By Community Alliance Staff
Throughout this school year, the Fresno Teachers Association (FTA) has organized community meetings in the residential districts within Fresno Unified School District (FUSD). Stand with Students is a “program to bring people together from different backgrounds to work together for students.” That is according to Tish Rice, president of FTA, a graduate of Fresno High who taught at the school for 25 years. She noted that “not all schools are created equal.” When she goes from school to school throughout Fresno the disparity in resources is stark. The wealth gap in schools results in predictably varied educational outcomes for students.
One of the biggest gaps in services is in social and emotional supports. Schools in less affluent areas do not have full time school nurses or psychologists or even social workers. “FTA is committed to using not only words but actions to collaborate with the community.” Rice stated that when FTA asked the parents, teachers, administrators, students, and support staff (including clerical and janitorial staff) how to use the school district’s discretionary money three areas stood out. Fresnans in each region voted at their Stand with Students meeting to allocate funds to address class size, campus safety, and social/emotional supports.
While the decision to reduce class sizes, increase campus safety assistants, and ensure full time nurses and psychologists on each campus was undisputed, the issue of money has been a contentious one in Fresno Unified. For the last two years, the district has been embroiled in a lawsuit and federal investigation regarding building contracts and the leadership of superintendent Michael Hanson. The district has been accused of breaking the law when it entered into no bid contracts with construction companies for building on Fresno campuses.
The Fresno Bee reported that between 2011 and 2014, Fresno Unified entered into 25 so-called leaseback contracts. Originally developed for under resourced schools, these contracts let schools get around the standard bidding process to select a contractor, and pay back the costs over time. The issue is that Fresno Unified had a large influx of funding during this time. The district has argued this was all done legally, but the 5th District Court of Appeals undermined this argument in its statement regarding the district’s contract with Harris Construction to build Gaston Middle School. The Supreme Court denied the district’s request to revisit the appellate court decision.
The School Board has been divided about how to respond to the litigation and there have been conflicting answers from members about what official actions have been taken. While at the Stand with Students meetings for the Roosevelt region in February and that for the Edison region in May, FTA expressed their concerns about reports that Fresno Unified covered $500,000 worth of legal fees for Michael Hanson and hired more attorneys for him rather than use that money for those items the community asked to be set aside for student needs.
The executive director of FTA, Louis Jamerson is a graduate of Roosevelt High who returned to Fresno after working elsewhere for twenty years as a labor organizer. When he came back to Fresno he was shocked to discover how severe the problems in education were here. He covered the troublesome trends in the district. Statistics indicate that while more students graduate than previously, fewer are ready for college. 75-90% of African American and Latino students are not proficient in Math and English. Fresno also has high rates of racial segregation and unequal access to resources.

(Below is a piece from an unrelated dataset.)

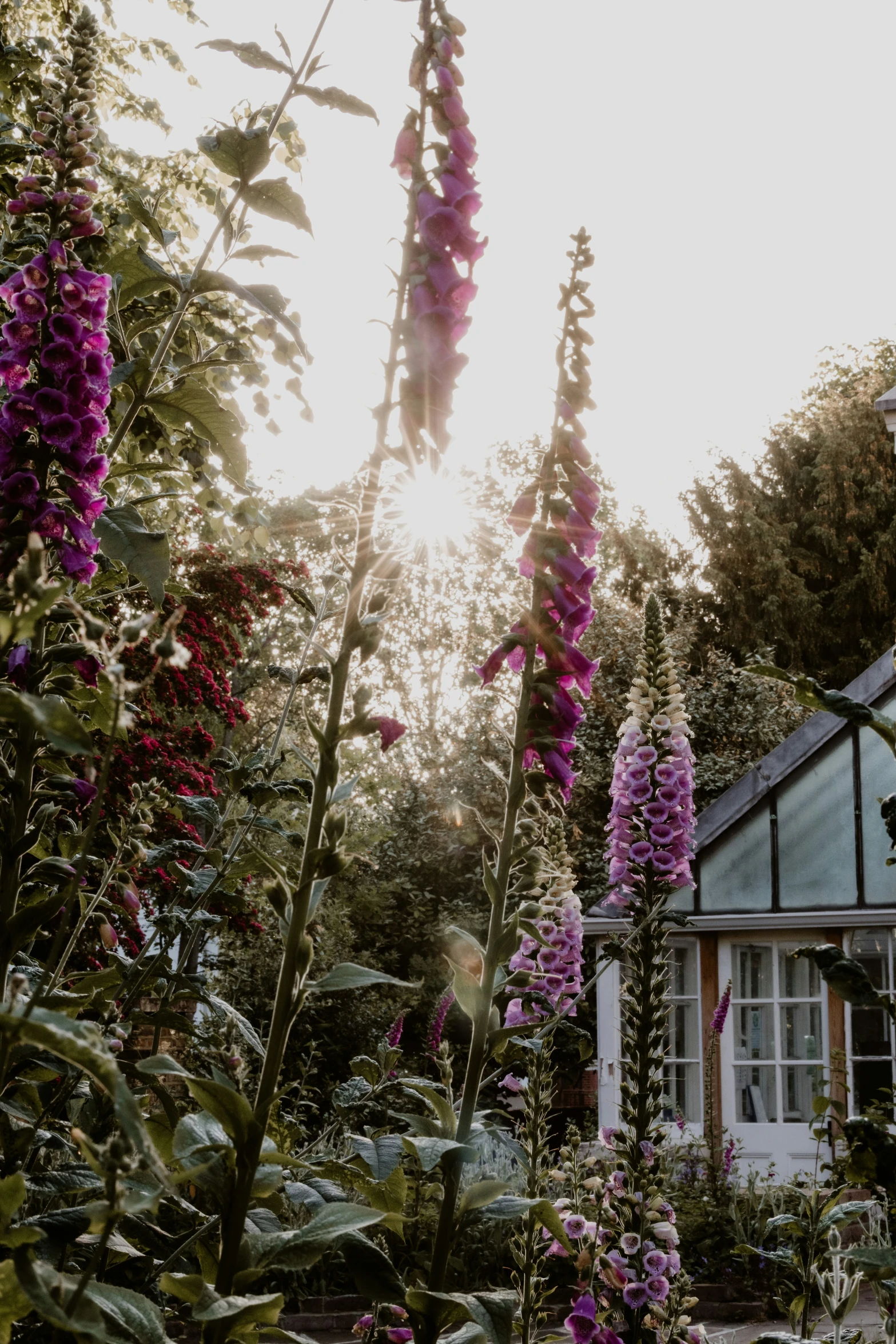 an old house surrounded by a lot of flowers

Jamerson declared that everyone in the community, from teachers and administrators to parents and students and their neighbors are accountable for the education of youth. He told the Edison region audience in May: “If you came here tonight to point fingers, you came to the wrong meeting.” He went on to say that if we have elected officials who are not taking responsibility, we have problems. Teachers need tools and training to be effective and students need support. We need a holistic approach and comprehensive plan.
According to Rice and Jamerson, FTA has a plan, but only three school board members signed this platform. At the Roosevelt region meeting, School Board president Luis Chavez, said he has signed the platform, including the commitment to smaller class sizes, social/ emotional supports, and increased safety measures. The district had $123 million more this school year than in 2014-2015. Jamerson asserted that it was misguided to put $10 million into new textbooks when 15% of students cannot read them.
At the Edison region meeting, the community was told that pastors from West Fresno and FTA leadership met to discuss whether or not to recall trustee Cal Johnson, who represents the West Side of the district. They were convinced to give Johnson another chance to prove that he had the interests of the students at heart and was not in the pocket of the superintendent. The 200 members of the community who came to the May 12 Stand with Students meeting were not so convinced.
Teachers and parents and other members of the community asked Johnson tough questions about his votes to approve money to cover Hanson’s legal fees. Johnson denied these charges and said that Hanson was paying for all his legal fees himself. When pressed about the meager 2% of students who graduate from Fresno high schools college ready, he disputed the statistic. When asked how should the community help you to help our children, he said to turn the television off. He would not agree to commit to smaller class sizes unless the budget could be shown to allow for it. One teacher accused Johnson of being out of touch.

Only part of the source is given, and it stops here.